There are tons - maybe well over 10,000 - within the web store and recently a lot have been purposefully slowing down computers and loading malware and spyware into them for 3rd party advertisers and transmitting cookie data from users.
Because of this developers are now being approached to sell their own extensions and to have them pass specifically from them to the consumer. The distribution within the store has become a crowded, dangerous place for people to download things they don't need or want. Cutting themselves out of the equation and letting them clean themselves off a bit might be exactly what we need to freshen up the web store.
But, what does that exactly say about the web store and Google?
The comments within the Verge's article covering this story hold true with my own opinion.
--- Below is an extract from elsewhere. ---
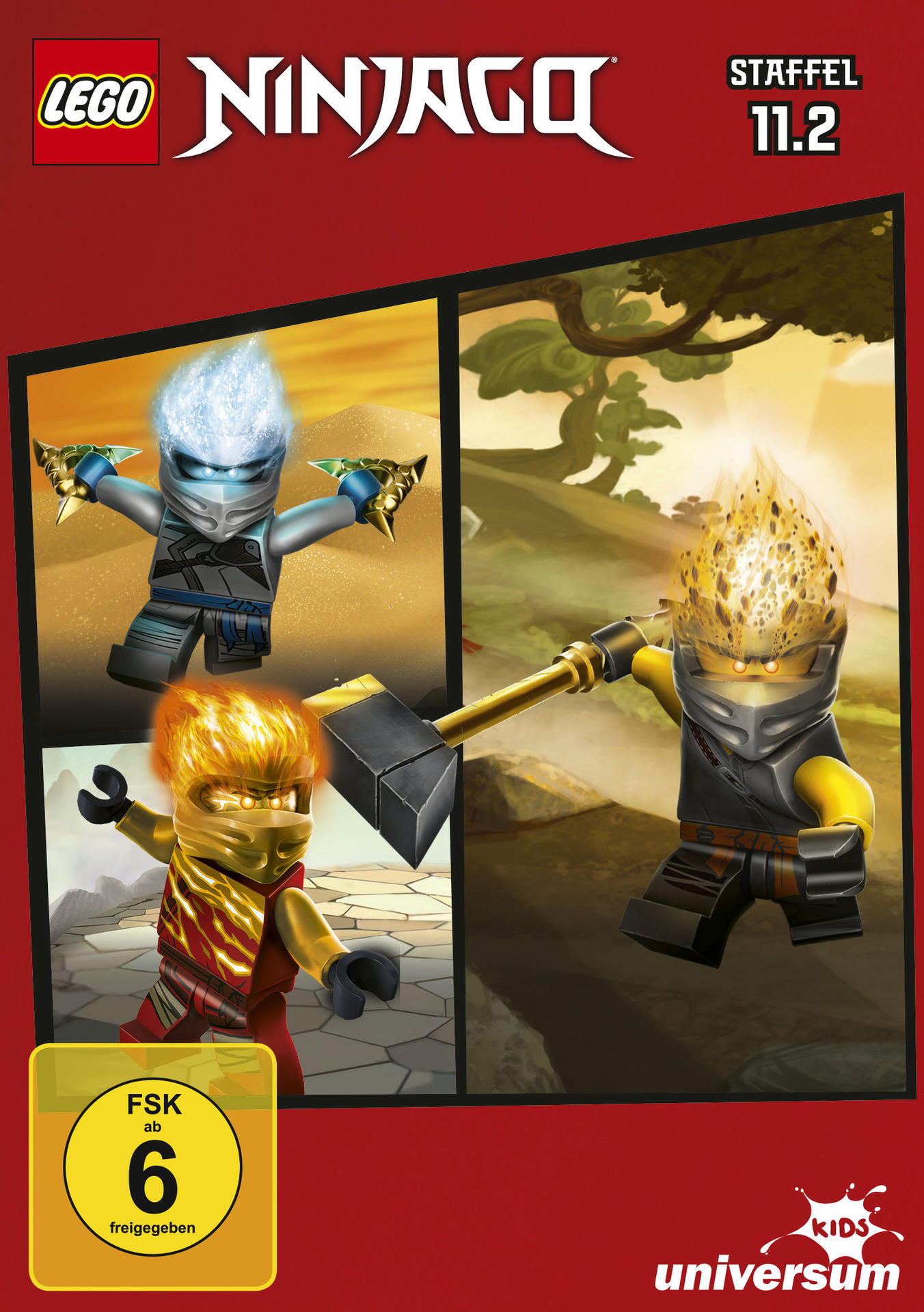 Lego Ninjago DVD-Cover. Enthält drei Ninja-Figuren und das Logo der Show. Roter Hintergrund.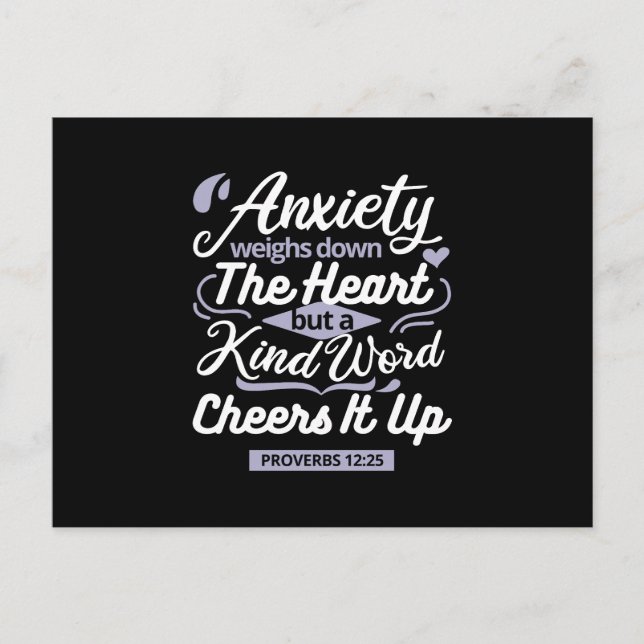 Cartes Pour Fêtes Annuelles Christian Encouragement Quote – Anxiety & Kindness (Devant)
Right now there is no approval process for getting an extension and app within the web store other than shelling out marketing dollars for it and pushing it awkwardly to the top. We need a review process to ensure quality control or we're going to just have the same black hat advertisers and developers screw with the system.
The mentality is that if one person does it it cannot be that bad, but everyone is that one person. What I mean is don't expect the quality of your product to be fantastic if you're sitting there figuring out how to game the system. That time should be spent working and fixing on the product. In the end you're only hurting yourself in the long run - and for those who built these extensions with adware in them - the proof is happening right now.